Vous regrettez une forme d’effet pervers ?

C’est pour ça que je parle de fausse bonne idée. La mixité sociale doit marcher dans les deux sens. Elle ne peut pas marcher par l’interdiction d’une partie du parc immobilier aux ménages les plus en difficulté. On sait à la Fondation Abbé Pierre à quel point ça peut avoir des effets délétères et des conséquences lourdes pour les plus fragiles d’entre nous.

Est-ce que vous en voulez aux maires qui n’appliquent pas la loi SRU qui demande aux communes d’au moins 50 000 habitants de disposer de 20 % de logements sociaux ?
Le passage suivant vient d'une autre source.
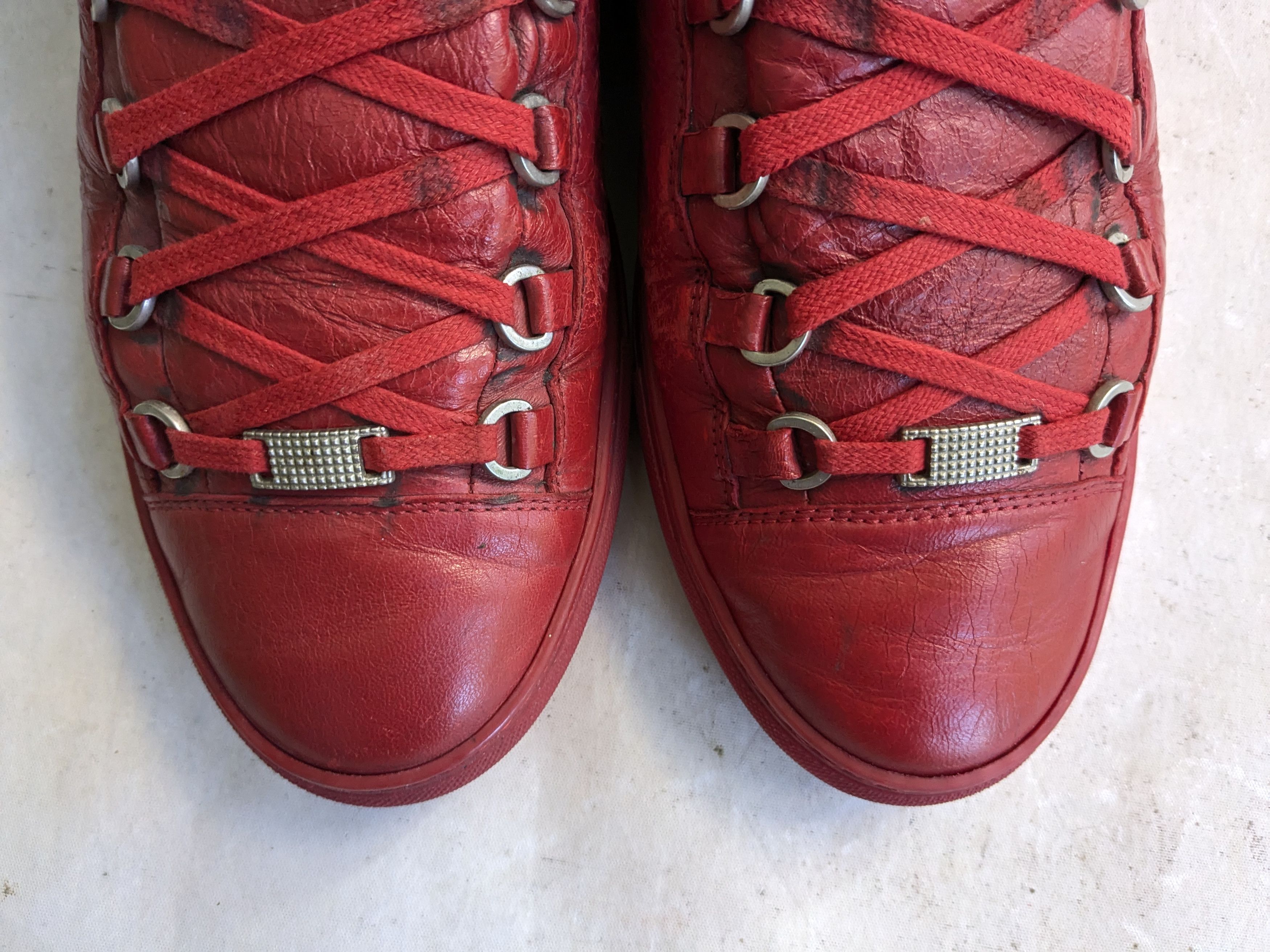 Balenciaga Balenciaga Arena Red 11 High Tops Leather Size US 11 / EU 44 - 5 Thumbnail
Voilà une bonne illustration de ce que j’essaie d’expliquer. On ferme la porte à un tiers des logements sociaux dans les quartiers prioritaires, mais on ne fait pas l’effort là où il y a 3 %, 4 % ou 5 % de logements sociaux. Depuis que la loi a été votée en 2000, la moitié des logements sociaux ont été construits dans les communes soumises à la loi SRU, donc c’est plutôt une bonne loi. Dans la grande majorité, la loi est respectée. Et puis il y a un tiers de communes qui ne le respectent pas, dont une partie qui sciemment ne le font pas et préfèrent payer des pénalités. C’est là où nous avons besoin d’un Etat fort qui impose de construire les logements sociaux manquants.